Requirement:
Whenever a line in the data below includes the string "грибы", copy it out.
Data: Begin
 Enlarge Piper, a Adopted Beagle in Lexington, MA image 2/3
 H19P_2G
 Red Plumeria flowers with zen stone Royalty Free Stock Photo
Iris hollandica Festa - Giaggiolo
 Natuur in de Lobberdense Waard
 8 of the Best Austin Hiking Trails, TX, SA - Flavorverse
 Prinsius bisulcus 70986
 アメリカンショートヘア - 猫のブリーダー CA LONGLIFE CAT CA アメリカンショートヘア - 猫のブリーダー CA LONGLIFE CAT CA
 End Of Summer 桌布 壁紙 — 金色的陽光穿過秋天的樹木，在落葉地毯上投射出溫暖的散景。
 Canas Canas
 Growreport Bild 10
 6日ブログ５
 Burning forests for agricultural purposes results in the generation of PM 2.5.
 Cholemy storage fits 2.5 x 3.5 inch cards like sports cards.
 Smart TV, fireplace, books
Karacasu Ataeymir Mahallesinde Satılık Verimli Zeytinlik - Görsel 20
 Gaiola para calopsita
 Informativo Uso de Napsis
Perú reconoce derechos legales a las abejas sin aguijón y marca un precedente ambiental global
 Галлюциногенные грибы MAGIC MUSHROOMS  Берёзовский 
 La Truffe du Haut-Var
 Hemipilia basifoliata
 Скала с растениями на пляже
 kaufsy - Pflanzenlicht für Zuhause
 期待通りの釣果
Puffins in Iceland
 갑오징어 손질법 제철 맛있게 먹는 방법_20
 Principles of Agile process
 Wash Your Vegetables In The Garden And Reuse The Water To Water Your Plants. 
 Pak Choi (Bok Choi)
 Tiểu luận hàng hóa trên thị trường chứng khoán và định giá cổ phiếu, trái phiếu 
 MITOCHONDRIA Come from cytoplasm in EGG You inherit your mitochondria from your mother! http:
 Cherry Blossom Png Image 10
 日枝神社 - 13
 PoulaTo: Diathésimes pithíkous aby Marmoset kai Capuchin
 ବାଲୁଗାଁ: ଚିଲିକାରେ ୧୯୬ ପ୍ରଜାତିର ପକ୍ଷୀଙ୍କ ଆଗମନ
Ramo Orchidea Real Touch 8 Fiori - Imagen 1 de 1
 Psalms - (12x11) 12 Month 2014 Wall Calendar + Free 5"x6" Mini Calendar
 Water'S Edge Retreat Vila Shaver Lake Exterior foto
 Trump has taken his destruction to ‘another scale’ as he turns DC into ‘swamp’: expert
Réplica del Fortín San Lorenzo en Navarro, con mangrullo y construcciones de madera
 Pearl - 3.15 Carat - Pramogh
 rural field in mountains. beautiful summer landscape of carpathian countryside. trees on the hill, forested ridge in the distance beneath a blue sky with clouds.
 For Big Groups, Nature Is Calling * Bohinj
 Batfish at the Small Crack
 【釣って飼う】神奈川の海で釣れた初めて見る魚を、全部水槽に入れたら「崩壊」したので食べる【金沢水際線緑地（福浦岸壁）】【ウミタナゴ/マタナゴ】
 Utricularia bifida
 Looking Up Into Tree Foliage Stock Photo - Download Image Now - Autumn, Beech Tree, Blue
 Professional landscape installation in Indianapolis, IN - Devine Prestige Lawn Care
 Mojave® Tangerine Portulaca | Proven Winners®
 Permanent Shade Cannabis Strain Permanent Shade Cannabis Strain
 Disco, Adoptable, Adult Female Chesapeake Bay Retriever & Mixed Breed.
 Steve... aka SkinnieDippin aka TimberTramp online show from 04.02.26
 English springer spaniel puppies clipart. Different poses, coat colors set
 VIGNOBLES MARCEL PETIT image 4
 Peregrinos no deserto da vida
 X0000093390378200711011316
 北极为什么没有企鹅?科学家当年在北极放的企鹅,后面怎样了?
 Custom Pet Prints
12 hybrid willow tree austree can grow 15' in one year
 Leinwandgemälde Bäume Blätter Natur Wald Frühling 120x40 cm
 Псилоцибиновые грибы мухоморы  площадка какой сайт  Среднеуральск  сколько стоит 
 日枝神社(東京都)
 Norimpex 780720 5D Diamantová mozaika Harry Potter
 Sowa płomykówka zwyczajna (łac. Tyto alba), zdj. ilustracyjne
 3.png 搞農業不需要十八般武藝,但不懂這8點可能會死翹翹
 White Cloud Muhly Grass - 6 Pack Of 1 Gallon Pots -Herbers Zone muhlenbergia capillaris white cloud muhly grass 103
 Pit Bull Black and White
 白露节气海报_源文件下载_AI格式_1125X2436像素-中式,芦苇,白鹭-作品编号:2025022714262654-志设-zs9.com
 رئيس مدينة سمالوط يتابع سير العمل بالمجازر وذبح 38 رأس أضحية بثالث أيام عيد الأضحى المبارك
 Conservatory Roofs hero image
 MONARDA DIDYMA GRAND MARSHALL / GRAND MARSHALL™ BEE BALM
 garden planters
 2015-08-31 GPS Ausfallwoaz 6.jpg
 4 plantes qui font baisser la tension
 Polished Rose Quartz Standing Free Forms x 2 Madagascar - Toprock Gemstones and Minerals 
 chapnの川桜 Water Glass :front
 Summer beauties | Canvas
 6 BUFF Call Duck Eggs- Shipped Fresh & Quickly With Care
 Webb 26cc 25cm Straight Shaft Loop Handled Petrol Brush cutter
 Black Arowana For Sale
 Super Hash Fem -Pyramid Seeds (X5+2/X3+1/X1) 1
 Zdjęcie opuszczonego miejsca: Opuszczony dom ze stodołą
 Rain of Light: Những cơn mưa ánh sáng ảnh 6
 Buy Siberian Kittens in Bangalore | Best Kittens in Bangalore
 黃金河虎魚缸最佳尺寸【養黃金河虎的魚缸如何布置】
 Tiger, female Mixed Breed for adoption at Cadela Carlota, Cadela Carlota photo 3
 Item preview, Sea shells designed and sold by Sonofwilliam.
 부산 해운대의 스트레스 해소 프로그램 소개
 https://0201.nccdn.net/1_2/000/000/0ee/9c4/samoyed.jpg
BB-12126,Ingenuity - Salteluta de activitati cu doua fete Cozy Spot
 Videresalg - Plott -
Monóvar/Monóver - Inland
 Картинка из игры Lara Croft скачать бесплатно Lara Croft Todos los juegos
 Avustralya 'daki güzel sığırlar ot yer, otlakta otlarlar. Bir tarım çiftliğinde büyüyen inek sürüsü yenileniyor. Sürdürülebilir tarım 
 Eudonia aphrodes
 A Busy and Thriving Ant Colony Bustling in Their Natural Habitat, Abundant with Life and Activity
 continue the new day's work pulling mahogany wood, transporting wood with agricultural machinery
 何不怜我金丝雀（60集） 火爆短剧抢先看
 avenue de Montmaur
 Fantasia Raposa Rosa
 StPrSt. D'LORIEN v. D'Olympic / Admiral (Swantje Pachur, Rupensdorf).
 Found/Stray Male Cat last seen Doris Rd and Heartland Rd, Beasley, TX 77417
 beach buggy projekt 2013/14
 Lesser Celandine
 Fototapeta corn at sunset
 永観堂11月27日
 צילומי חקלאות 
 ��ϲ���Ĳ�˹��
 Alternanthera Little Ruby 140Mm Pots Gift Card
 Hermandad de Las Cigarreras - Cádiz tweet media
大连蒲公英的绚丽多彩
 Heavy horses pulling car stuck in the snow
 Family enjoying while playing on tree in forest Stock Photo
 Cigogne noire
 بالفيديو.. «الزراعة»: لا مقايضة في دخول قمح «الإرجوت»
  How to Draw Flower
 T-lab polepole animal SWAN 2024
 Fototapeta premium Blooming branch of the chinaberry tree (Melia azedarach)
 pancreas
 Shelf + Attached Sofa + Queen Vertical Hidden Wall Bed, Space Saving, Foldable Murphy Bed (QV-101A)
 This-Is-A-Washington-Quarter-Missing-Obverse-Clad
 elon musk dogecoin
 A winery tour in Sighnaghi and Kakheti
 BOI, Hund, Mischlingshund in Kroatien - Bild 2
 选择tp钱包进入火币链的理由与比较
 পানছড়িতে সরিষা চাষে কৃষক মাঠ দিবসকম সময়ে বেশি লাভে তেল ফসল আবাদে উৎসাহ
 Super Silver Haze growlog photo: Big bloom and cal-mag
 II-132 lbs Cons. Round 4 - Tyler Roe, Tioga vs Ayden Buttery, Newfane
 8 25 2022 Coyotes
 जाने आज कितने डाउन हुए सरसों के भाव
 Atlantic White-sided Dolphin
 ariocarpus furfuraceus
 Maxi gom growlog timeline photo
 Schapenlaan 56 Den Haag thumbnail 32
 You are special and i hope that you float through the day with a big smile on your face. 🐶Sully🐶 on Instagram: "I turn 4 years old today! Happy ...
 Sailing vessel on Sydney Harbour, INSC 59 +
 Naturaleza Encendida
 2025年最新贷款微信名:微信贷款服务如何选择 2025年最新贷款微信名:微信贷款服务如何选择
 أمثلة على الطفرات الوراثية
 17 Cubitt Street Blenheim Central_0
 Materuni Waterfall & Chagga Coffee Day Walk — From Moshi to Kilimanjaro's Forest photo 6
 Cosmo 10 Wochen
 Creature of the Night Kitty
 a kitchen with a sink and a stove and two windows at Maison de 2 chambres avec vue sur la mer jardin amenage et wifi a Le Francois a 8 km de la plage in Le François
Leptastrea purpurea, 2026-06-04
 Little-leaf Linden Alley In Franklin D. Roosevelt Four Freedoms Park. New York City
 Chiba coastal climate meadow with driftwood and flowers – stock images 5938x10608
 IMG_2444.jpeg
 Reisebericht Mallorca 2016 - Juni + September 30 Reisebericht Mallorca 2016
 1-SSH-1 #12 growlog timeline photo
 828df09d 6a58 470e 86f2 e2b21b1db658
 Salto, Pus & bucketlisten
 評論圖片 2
Data: End
Exercise response:
 Галлюциногенные грибы MAGIC MUSHROOMS  Берёзовский 
 Псилоцибиновые грибы мухоморы  площадка какой сайт  Среднеуральск  сколько стоит 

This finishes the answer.